When financial experts tell people to build an emergency fund, pay off your debt, and save for retirement, they’re not just joking around. Same goes for those fitness freaks who warn us to eat our greens and sweat it out. They’re serious. And even though this is just a blog and the posts that I write aren’t always all that serious, it’s not just a bunch of fluff. Personal finance and health are two very serious issues.
Bumps in the road
If we’re lucky, we’ll never have to use our emergency fund. We’ll have plenty saved for retirement. We’ll never need to use our health insurance.

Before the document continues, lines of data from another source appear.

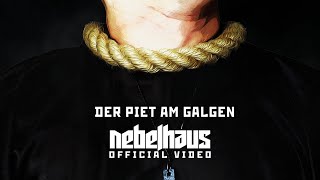 NEBELHAUS  Der Piet am Galgen Official Video  Blackwell Records [upl. by Hayarahs989]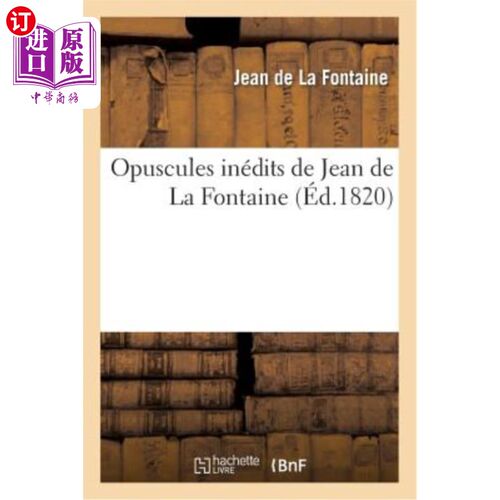 海外直订法语 Opuscules Inédits de Jean de la Fontaine 小品é让·德拉方丹编辑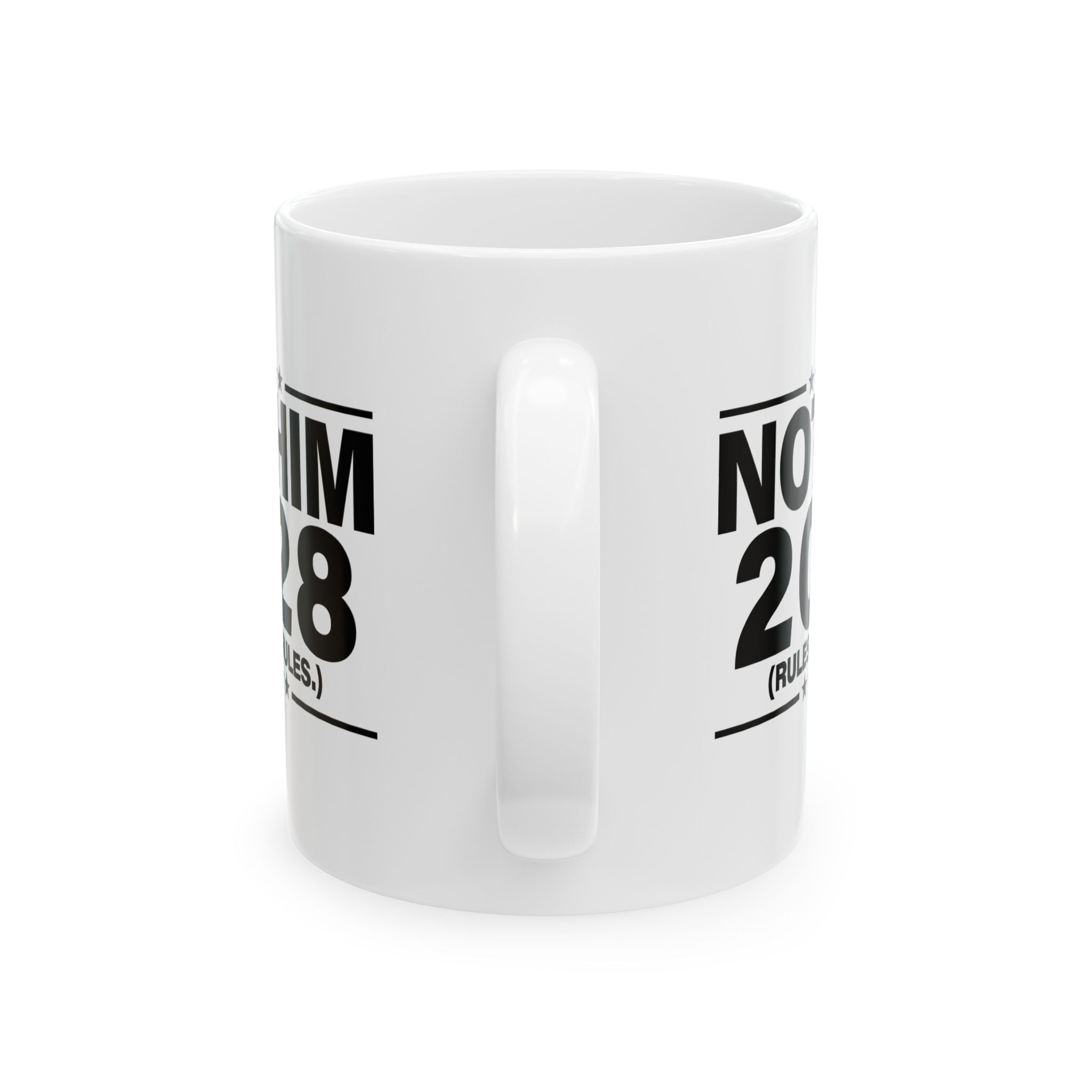 Not Him 2028 Rules are Rules Mug 11oz (White & Black)-Mug-The Original God Ain't Petty But I Am
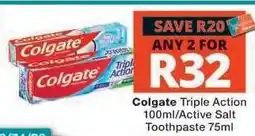 Checkers Colgate Triple Action 100ml/Active Salt Toothpaste 75ml offer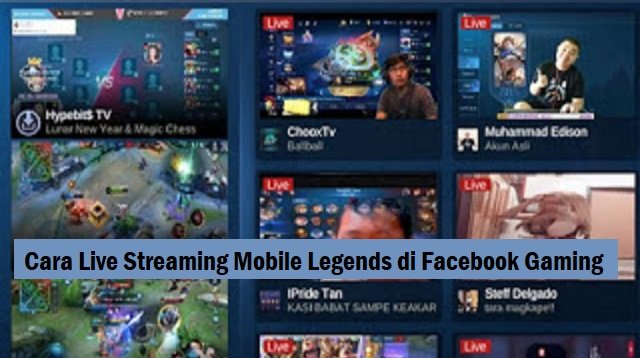 Cara Live Streaming Mobile Legends di Facebook Gaming di HP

But, more than likely, at some point, we will need these things.
I’m lucky. My financial healthy and physical health is great. I usually never have any bumps in the road that throw me off track, and I know I’m very, very fortunate.
But this week I did have a bump in the road. Someone very near and dear to me in my family got sick. This person (not G) has fallen ill with a rare, but serious, disease. They are expected to make a full recovery, but it will take months, maybe even a year.
When finance and health get serious
The situation has got me to thinking quite a lot about the seriousness of health and personal finance. We often take these two things for granted. I know I do. But our health and our wealth is only temporary. It could be gone tomorrow. Are you prepared?
I started the week assuming it would be just like any other – work, workouts, cooking dinner, packing lunches… By Monday night, that was all a distant memory. Now my nights are spent at the hospital so my family member isn’t alone and knows that loved ones care. I would happily give up all my time to be there if meant making them happy and comfortable.
Normally, I am so lucky to be surrounded by healthy family members. This week, I’m getting a glimpse of what’s it’s like to have a chronically sick or disabled family member. It’s quite a sacrifice, but you gladly do it because your love for your family is usually greater than the love for yourself. And although some are wondering about the hospital bill, we all agree that we want the best possible treatment, and we’ll deal with the bill when the time comes.
Isn’t it strange that one of my New Year’s resolutions is to put others needs before my own? Looks like I’m already doing that in the first week of the New Year – and I wouldn’t have it any other way.
P.S. I would appreciate any prayers, thoughts, vibes – whatever – for our family! Thank you!